-- Records follows --

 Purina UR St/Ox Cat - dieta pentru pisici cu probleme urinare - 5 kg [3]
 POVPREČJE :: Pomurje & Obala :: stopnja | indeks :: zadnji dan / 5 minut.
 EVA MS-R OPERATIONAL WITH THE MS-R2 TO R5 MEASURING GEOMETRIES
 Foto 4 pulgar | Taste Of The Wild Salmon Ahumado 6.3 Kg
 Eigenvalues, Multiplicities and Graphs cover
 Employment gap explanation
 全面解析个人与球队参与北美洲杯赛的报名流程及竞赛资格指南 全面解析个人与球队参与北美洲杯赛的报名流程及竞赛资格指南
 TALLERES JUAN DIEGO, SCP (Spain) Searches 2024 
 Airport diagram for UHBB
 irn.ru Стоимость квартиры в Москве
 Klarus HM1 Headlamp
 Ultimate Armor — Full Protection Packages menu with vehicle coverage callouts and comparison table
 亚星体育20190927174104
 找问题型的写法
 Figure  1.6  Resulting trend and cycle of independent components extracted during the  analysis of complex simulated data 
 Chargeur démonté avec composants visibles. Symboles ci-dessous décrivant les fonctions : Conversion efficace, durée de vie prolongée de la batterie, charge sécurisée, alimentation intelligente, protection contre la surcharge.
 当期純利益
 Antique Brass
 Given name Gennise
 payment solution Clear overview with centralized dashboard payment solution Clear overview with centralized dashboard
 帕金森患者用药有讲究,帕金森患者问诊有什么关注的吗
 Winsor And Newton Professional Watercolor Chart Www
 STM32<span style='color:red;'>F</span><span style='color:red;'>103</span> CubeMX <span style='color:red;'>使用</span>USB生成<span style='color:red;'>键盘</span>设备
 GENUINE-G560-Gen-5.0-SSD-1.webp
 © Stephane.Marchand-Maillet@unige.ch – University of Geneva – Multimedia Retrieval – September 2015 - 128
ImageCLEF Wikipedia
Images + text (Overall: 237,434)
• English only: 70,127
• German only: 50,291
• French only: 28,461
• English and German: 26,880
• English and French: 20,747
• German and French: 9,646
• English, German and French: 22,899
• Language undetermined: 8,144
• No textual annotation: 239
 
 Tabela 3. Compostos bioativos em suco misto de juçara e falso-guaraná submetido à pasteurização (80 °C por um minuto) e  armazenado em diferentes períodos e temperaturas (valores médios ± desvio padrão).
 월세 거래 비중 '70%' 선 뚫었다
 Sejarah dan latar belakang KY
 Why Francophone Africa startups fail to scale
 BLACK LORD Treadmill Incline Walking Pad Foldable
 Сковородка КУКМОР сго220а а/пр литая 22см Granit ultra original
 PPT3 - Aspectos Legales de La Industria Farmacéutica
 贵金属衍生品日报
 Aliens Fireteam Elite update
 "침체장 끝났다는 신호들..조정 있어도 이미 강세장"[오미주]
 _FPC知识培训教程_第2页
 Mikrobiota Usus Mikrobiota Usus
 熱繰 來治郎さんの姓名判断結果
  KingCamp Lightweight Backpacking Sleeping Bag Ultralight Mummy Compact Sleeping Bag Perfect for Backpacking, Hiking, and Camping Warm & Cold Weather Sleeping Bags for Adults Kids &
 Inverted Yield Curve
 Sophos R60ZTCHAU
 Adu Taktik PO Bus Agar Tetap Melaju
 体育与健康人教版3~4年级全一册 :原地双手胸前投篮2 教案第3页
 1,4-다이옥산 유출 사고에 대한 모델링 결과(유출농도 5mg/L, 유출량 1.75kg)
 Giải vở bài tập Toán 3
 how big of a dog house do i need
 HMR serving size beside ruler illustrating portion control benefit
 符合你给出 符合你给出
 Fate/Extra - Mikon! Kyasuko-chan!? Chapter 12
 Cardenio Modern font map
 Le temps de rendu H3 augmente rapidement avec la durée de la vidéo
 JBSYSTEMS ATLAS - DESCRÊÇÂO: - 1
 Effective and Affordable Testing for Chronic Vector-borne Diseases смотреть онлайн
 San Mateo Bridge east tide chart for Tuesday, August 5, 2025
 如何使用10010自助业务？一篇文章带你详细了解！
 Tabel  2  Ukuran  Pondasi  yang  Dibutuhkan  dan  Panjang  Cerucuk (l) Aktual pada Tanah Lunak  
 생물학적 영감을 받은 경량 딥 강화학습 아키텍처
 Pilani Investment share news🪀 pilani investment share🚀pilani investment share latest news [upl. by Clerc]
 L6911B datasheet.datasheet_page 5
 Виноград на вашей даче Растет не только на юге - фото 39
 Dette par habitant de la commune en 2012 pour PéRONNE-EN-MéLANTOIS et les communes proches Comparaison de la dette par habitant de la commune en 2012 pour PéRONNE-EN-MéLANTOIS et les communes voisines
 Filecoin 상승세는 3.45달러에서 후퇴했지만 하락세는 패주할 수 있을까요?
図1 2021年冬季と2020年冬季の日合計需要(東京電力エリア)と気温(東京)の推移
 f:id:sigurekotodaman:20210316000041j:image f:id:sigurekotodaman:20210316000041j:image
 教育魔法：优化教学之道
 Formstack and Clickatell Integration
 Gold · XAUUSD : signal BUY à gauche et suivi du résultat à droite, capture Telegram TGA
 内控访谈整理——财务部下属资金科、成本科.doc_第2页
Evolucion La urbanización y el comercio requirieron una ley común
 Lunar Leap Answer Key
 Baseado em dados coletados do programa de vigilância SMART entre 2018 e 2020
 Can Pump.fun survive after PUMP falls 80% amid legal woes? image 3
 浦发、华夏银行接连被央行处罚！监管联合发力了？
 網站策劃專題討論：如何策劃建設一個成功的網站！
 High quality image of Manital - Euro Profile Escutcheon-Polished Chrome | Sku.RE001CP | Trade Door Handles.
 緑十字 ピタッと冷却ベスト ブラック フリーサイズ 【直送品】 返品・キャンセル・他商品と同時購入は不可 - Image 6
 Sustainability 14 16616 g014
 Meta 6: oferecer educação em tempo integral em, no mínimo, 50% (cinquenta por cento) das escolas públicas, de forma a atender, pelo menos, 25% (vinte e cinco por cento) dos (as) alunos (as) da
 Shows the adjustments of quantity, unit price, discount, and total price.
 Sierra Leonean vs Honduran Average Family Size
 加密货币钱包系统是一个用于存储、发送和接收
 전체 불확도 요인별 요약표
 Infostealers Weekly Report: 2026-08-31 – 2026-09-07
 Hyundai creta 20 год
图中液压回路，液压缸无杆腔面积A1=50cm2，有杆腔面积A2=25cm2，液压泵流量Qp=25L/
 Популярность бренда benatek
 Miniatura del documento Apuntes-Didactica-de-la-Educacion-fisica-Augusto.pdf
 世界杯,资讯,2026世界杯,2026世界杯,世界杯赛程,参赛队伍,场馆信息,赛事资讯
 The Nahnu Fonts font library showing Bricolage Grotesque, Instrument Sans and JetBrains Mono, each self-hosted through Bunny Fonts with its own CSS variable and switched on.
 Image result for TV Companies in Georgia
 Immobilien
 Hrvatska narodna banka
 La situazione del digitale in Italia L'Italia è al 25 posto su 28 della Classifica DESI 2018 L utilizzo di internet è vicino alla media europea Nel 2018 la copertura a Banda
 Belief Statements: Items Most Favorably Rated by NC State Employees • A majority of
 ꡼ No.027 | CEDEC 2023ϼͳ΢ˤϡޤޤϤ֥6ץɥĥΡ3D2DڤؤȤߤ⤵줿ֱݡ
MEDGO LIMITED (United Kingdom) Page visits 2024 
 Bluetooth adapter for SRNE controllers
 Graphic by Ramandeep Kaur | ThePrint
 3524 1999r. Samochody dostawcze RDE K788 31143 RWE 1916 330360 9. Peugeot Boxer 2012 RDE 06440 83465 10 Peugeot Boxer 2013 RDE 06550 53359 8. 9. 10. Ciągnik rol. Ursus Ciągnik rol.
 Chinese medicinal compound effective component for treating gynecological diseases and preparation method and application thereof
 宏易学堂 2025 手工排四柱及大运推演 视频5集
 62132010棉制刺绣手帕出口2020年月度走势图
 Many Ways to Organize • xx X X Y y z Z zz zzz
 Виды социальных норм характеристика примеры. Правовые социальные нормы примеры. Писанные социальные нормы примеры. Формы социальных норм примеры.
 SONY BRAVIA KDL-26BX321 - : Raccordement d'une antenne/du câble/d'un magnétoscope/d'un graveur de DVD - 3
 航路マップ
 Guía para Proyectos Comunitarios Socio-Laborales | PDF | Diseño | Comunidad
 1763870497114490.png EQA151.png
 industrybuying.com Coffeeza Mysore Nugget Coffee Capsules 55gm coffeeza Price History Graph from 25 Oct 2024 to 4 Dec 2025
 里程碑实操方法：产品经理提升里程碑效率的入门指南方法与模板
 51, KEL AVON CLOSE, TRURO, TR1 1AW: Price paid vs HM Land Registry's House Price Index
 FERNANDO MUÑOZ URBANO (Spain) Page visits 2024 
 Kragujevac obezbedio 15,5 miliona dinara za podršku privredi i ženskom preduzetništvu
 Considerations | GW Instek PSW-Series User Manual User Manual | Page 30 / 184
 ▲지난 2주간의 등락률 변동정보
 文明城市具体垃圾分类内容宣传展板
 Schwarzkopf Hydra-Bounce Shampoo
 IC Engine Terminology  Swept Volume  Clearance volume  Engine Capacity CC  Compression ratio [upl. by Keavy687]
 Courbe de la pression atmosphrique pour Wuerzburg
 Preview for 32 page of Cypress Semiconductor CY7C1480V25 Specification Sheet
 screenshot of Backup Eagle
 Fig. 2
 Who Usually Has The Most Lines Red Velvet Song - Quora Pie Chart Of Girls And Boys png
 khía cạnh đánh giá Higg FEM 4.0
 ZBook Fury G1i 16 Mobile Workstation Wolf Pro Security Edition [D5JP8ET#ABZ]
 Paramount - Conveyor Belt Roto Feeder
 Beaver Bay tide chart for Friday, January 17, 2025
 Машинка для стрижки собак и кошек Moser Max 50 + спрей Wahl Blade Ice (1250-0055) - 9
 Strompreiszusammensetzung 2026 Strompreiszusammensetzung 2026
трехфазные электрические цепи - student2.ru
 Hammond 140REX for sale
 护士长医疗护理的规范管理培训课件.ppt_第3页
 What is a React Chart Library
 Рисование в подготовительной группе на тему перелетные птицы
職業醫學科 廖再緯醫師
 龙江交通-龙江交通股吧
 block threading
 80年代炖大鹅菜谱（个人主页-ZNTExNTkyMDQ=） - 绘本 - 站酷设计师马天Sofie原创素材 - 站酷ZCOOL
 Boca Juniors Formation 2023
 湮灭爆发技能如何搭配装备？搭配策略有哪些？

-- Records concluded --

_Goal of the exercise_
Begin with the first line of the records and finish with the line containing "style='color:red;'>103</span> CubeMX <span". Reproduce those lines exactly, both ends included, and nothing else.

_Written solution_
 Purina UR St/Ox Cat - dieta pentru pisici cu probleme urinare - 5 kg [3]
 POVPREČJE :: Pomurje & Obala :: stopnja | indeks :: zadnji dan / 5 minut.
 EVA MS-R OPERATIONAL WITH THE MS-R2 TO R5 MEASURING GEOMETRIES
 Foto 4 pulgar | Taste Of The Wild Salmon Ahumado 6.3 Kg
 Eigenvalues, Multiplicities and Graphs cover
 Employment gap explanation
 全面解析个人与球队参与北美洲杯赛的报名流程及竞赛资格指南 全面解析个人与球队参与北美洲杯赛的报名流程及竞赛资格指南
 TALLERES JUAN DIEGO, SCP (Spain) Searches 2024 
 Airport diagram for UHBB
 irn.ru Стоимость квартиры в Москве
 Klarus HM1 Headlamp
 Ultimate Armor — Full Protection Packages menu with vehicle coverage callouts and comparison table
 亚星体育20190927174104
 找问题型的写法
 Figure  1.6  Resulting trend and cycle of independent components extracted during the  analysis of complex simulated data 
 Chargeur démonté avec composants visibles. Symboles ci-dessous décrivant les fonctions : Conversion efficace, durée de vie prolongée de la batterie, charge sécurisée, alimentation intelligente, protection contre la surcharge.
 当期純利益
 Antique Brass
 Given name Gennise
 payment solution Clear overview with centralized dashboard payment solution Clear overview with centralized dashboard
 帕金森患者用药有讲究,帕金森患者问诊有什么关注的吗
 Winsor And Newton Professional Watercolor Chart Www
 STM32<span style='color:red;'>F</span><span style='color:red;'>103</span> CubeMX <span style='color:red;'>使用</span>USB生成<span style='color:red;'>键盘</span>设备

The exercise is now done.